On the walls are the names of the 72,000 men who make up the Inconnus. My family was lucky in WWI. My maternal grandfather was a miner in the Rhondda, and coal was so important to the war effort he was not called up. It was one of the few times in history when coal mining has been the safer option. He did eventually put on khaki and although it is unclear if he arrived in France before the shooting stopped he was certainly in Germany in the army of occupation in 1919. My paternal grandfather joined up earlier, but as far as I have been able to ascertain he was never sent anywhere more dangerous than Shrewsbury. Somewhere on the right hand side of the monument, almost, but not quite too high to read from the ground is the name of Private Edgar Morgan King, a cousin of my paternal grandmother.

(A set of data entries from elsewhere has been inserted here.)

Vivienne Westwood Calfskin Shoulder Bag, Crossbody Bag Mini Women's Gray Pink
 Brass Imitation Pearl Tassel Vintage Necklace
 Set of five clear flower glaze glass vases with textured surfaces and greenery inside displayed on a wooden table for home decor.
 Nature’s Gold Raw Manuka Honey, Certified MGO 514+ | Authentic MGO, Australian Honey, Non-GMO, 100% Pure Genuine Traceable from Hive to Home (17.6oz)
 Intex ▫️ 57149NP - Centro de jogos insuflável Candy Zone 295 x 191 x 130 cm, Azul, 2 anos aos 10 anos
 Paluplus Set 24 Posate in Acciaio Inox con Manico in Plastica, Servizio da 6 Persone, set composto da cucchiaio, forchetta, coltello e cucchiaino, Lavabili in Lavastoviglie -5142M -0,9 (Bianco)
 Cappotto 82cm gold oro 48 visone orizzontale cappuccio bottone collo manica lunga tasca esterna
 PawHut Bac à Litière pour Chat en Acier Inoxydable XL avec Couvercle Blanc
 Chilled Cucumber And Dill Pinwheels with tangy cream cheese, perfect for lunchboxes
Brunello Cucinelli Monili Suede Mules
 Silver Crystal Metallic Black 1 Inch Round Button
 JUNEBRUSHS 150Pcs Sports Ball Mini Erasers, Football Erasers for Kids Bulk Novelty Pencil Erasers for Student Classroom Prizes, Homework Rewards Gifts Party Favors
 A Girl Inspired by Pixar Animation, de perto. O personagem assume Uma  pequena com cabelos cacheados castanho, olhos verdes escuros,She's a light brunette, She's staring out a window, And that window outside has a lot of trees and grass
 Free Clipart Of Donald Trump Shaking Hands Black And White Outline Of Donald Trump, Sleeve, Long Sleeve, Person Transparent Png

Lynne at the Thiepval Memorial, Somme

The first day of the Battle, 100 years ago today, was an unmitigated disaster. After that it improved to merely awful. The performance of the British army in WWI had often been described as that of lions led by donkeys (an observation first made during the Crimean War). As Siegfried Sassoon, who served so valiantly in a war that so disillusioned him, put it

'Good morning; good morning!' the general said
When we met him last week on our way to the line.
Now the soldiers he smiled at are most of 'em dead,
And we're cursing his staff for incompetent swine.
'He's a cheery old card,' grunted Harry to Jack
As they slogged up to Arras with rifle and pack.
~
But he did for them both with his plan of attack

One century ago they were lions led by donkeys. One week ago half of my compatriots chose to be donkeys led by liars.

* 'British' in this context refers to the 'British Empire and Dominions'. The casualty list included Australians, New Zealanders, Canadians, Newfoundlanders (Newfoundland had not then joined Canada), Bermudans, Indians, South Africans and Rhodesians. (and Wikipedia's list may not be exhaustive).